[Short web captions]
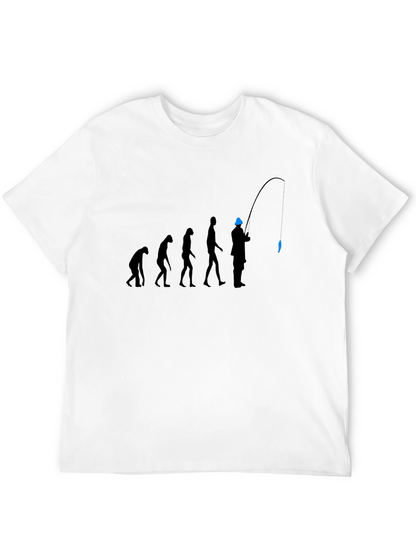 Evolution of Fishing T-Shirt - Black Graphic Tee
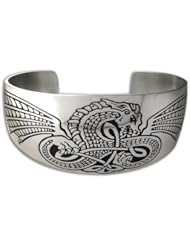 Sterling Silver Celtic Dragon Flight Bracelet. Made in USA.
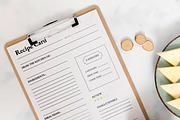 Recipe Card Design, a Stationery Template by MightyDesign (Thumbnail 4 of 8)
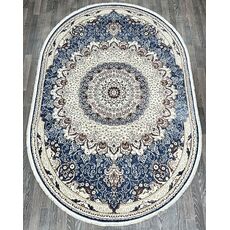 Ковер POSITANO 0.8х1.5 00668A_D.BLUE FDY / D.BLUE FDY Полиэстер Турция, фото , изображение 5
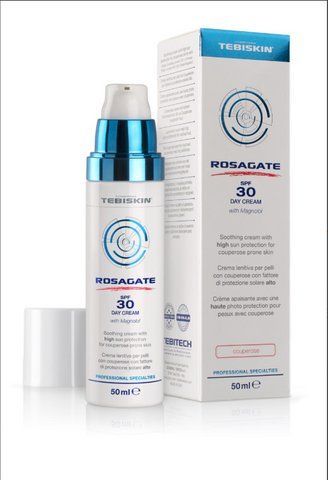 Сонцезахисний крем для шкіри з куперозом з SPF 30+ та антиоксидантним ефектом Tebiskin Rosagate SPF 30+ Day Cream, 50 мл 2833877016 фото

*Required work*. Each line of the data above must be repeated exactly, images excluded.

*Task output*.
 Evolution of Fishing T-Shirt - Black Graphic Tee
 Sterling Silver Celtic Dragon Flight Bracelet. Made in USA.
 Recipe Card Design, a Stationery Template by MightyDesign (Thumbnail 4 of 8)
 Ковер POSITANO 0.8х1.5 00668A_D.BLUE FDY / D.BLUE FDY Полиэстер Турция, фото , изображение 5
 Сонцезахисний крем для шкіри з куперозом з SPF 30+ та антиоксидантним ефектом Tebiskin Rosagate SPF 30+ Day Cream, 50 мл 2833877016 фото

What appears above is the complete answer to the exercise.